Content starts

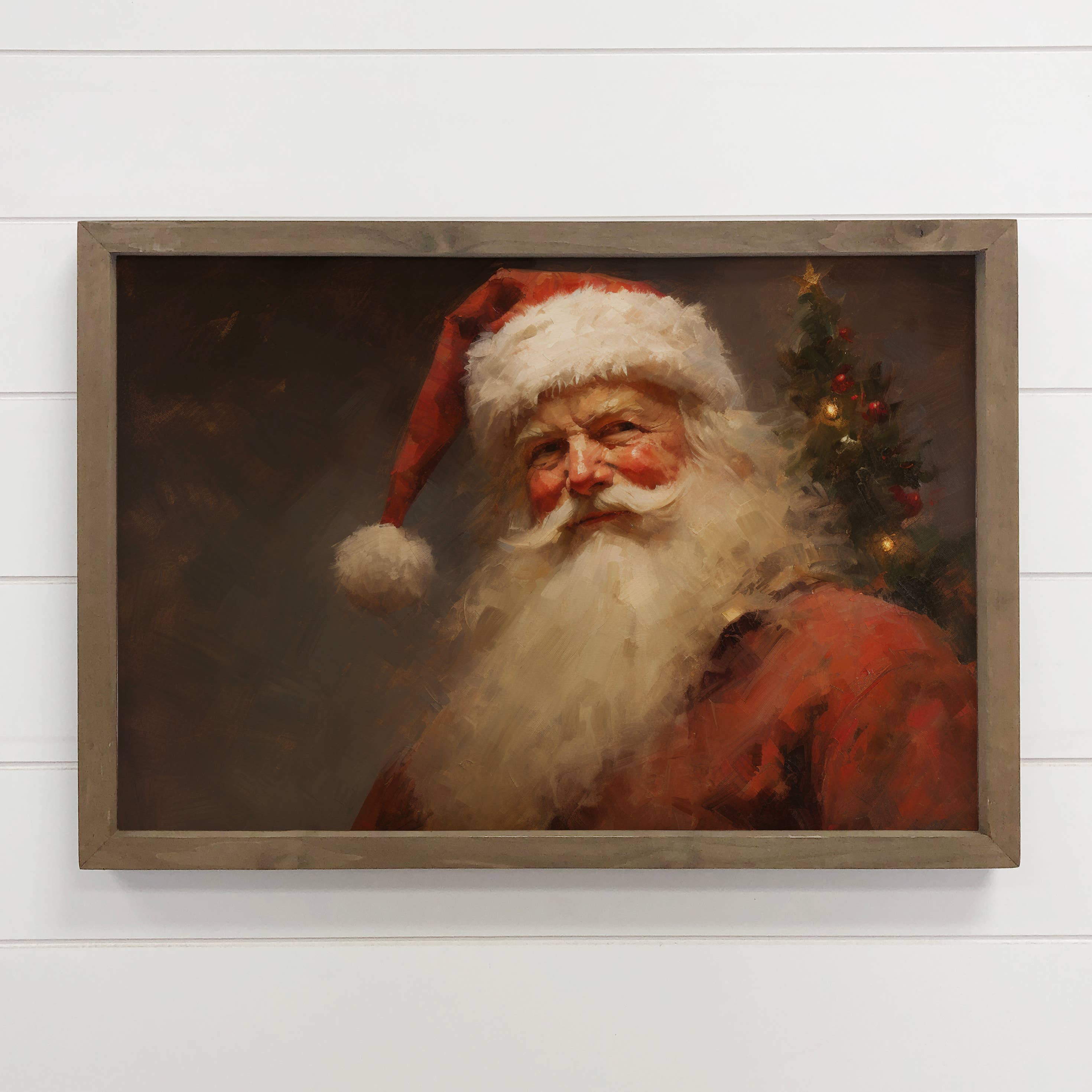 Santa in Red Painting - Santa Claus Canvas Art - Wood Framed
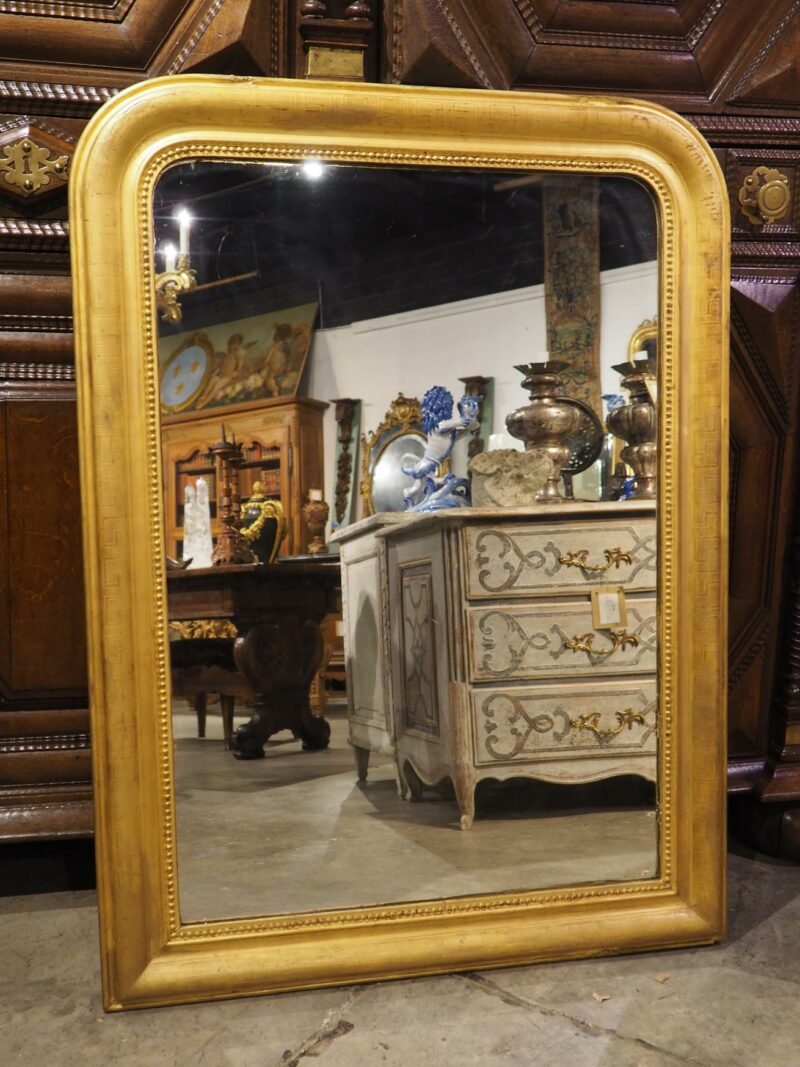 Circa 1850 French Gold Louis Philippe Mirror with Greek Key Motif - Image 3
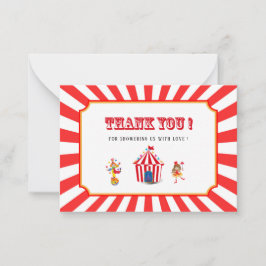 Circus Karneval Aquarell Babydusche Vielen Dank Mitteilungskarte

Content ends

WORK TASK. Repeat the material exactly, without images.

SOLUTION TO THE PROBLEM.
 Santa in Red Painting - Santa Claus Canvas Art - Wood Framed
 Circa 1850 French Gold Louis Philippe Mirror with Greek Key Motif - Image 3
 Circus Karneval Aquarell Babydusche Vielen Dank Mitteilungskarte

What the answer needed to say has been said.